Copy out each line of the data that contains "Used".

* [EXERCISE INPUT]:
_ _ _ _ _ _ _

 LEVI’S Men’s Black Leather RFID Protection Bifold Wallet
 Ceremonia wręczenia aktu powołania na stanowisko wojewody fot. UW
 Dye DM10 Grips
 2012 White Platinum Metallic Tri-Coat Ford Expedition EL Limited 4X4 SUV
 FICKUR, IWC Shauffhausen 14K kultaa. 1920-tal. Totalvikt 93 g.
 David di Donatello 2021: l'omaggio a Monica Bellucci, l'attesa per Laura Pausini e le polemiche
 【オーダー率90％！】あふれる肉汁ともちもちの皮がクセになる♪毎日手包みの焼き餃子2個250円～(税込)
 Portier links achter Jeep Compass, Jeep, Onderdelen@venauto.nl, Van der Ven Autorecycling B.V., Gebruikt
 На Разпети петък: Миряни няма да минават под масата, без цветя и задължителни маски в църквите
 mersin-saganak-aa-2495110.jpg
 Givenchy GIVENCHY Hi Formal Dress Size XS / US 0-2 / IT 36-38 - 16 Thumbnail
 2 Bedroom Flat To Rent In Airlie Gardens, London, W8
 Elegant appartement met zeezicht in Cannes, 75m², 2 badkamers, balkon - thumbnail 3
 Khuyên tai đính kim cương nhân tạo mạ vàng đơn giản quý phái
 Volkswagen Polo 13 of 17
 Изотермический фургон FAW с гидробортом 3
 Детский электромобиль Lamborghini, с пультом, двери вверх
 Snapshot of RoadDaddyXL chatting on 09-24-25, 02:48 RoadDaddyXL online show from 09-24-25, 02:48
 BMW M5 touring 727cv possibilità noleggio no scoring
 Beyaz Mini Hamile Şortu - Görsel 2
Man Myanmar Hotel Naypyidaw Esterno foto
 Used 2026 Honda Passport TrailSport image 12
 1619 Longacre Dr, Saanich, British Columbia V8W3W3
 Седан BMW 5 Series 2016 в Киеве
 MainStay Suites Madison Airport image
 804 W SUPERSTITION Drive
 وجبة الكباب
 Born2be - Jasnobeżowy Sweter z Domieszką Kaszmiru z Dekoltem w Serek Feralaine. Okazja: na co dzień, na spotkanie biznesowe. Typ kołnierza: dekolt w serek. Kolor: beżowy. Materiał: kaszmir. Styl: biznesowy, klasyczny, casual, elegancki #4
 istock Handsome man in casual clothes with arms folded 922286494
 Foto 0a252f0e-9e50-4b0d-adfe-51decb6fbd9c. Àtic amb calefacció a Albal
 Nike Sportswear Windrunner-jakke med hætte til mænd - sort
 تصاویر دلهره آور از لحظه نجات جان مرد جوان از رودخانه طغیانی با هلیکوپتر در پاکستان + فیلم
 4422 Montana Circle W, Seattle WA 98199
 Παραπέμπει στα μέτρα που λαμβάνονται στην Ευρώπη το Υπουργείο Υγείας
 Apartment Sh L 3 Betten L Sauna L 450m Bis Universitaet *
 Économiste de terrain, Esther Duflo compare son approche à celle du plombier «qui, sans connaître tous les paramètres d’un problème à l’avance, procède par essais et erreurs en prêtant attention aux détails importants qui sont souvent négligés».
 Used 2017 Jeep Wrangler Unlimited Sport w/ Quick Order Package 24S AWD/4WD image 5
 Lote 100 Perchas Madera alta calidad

_ _ _ _ _ _ _

* [EXPECTED OUTPUT]:
 Used 2026 Honda Passport TrailSport image 12
 Used 2017 Jeep Wrangler Unlimited Sport w/ Quick Order Package 24S AWD/4WD image 5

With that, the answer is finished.